People blame them for insurance costs, slow rates of business growth and sometimes just blame them because they are rich. But when a doctor makes a mistake with a family member, or a friend dies because of a faulty product, or a pill turns out to cause cancer, most of us will spare no expense in finding the best trial lawyer to seek redress.
“The Fall of the House of Zeus” is a story about one of the most powerful trial lawyers of our time. Dickie Scruggs of Mississippi took on the tobacco companies, the drug companies and the insurance companies. He fought for the little guy and in doing so became the big man on campus. Along the way he dabbled in politics, international affairs, and academia. Curtis Wilkie’s book is an exploration of the rise and inevitable fall of Scruggs. Wealth, addiction and greed corrupted him and though he was busted in what I thought was a chickenshit case, he wasn’t truly an innocent either.

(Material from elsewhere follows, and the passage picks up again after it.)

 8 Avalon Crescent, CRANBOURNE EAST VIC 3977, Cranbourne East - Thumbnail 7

“Zeus” is Grisham-esque non-fiction. (In fact, John Grisham makes a few cameos as a friend of Scruggs.) The story fits neatly in about 300 pages and reads like a page-turner. The moral: Scruggs was done in by being careless with his friends and money. He was probably too trusting of others and too anxious to get ahead. Ultimately, that catches up with people, and he developed powerful enemies that eventually brought him down.
But something stuck in my craw (the southernisms keep bubbling up) when I read about how the FBI case against Scruggs came together. Before they actually caught Scruggs doing anything, they decided he was the final target of their investigation. Once Judge Lackey (aptly named) notified the FBI of a crime, the FBI decided to hold off until they got the big fish—Scruggs. They didn’t pounce, make arrests, or do anything until they had ensnared Scruggs. And something about that just seems like entrapment to me.

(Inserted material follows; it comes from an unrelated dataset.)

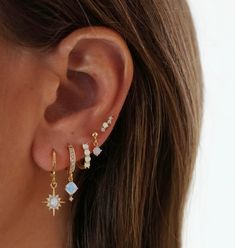 Minimalist Ear Piercings, Inexpensive Jewelry, Cool Ear Piercings, Cute Ear Piercings, Stacked Earrings, Earrings Inspiration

Let me be clear. Scruggs was far from a saint. I don’t think he was born a crook, and probably didn’t plan to be a crook, but he was weak and is responsible for the sins that resulted from his inability to control his operation. He operated on the far edges and in the gray areas of ethics. We need fewer lawyers like that.

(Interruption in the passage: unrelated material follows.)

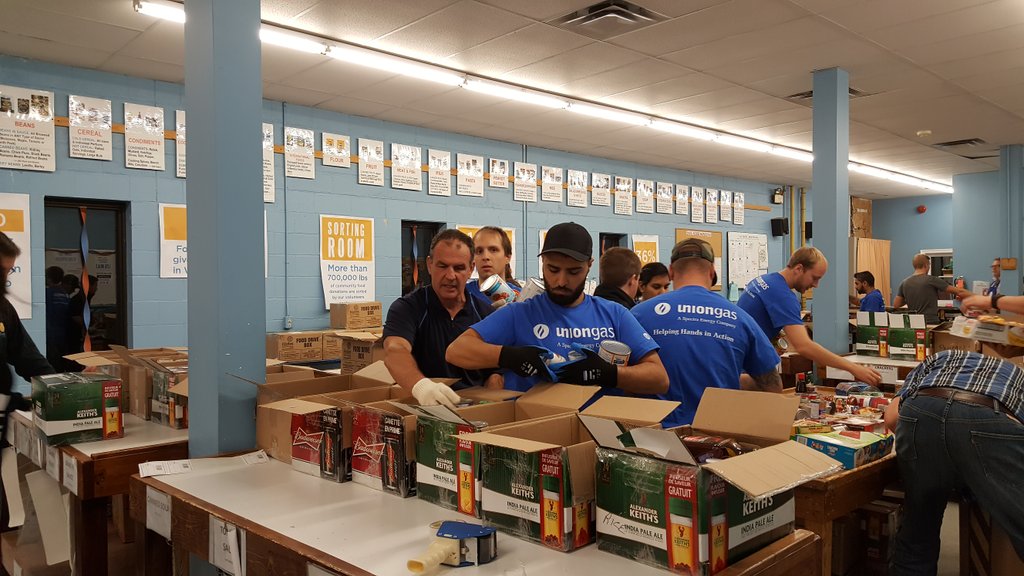 FoodBankWatReg's tweet photo. Competition is hot tonight #GFSC2016 @UnionGas is "All Gassed Up" and sorting like crazy! https://t.co/gvxgVWYQaN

I enjoy fishing. And sometimes I go fishing and I don’t catch anything. Only the worst kind of fisherman insists on dynamiting the waters to kill and then scoop up the fish that were smart enough to avoid the hook. It’s cheating. Something about the Scruggs case made me think of this. And as they say, I’m not sayin, I’m just sayin.
The other reason I liked this book was for the window it provided into Southern politics. At the end of 2004, I was looking for what to do and where to go next. Looking for a break from Ohio weather, I asked my southern friend and co-worker about Carolina politics and if they were tough to break in to. She laughed and dismissed it out of hand. Now I know why. If Mississippi is anything like the Carolinas (and by all accounts it is far, far worse) there’s no room for us Yankees. In Mississippi, the deep relationships cultivated during the Eastland era and the Ole Miss college years are impossible to crack. The state seems to be run by a very intense, political and clubby network. Nothing wrong with that, and damn, it was interesting to read about.
Let me sum up. At the end of the day, Scruggs got too big for his britches, and was livin life in the high cotton. He was as happy as a dead pig in sunshine while his boys were fixin to get rich or die tryin. Many people thought he was so crooked he could hide behind a corkscrew and before long, he was up shit creek without a paddle. He learned that if you lie down with dogs, you’re gonna get some fleas. And today, he’s in prison, madder than an old wet hen.
Not sure where all that came from. If you like politics, lawyers, or the South (I realize that might be none of you) then pick up this book. I think you’ll agree that though Dickie Scruggs was a flawed person, he got the short end of the stick. (Dammit!)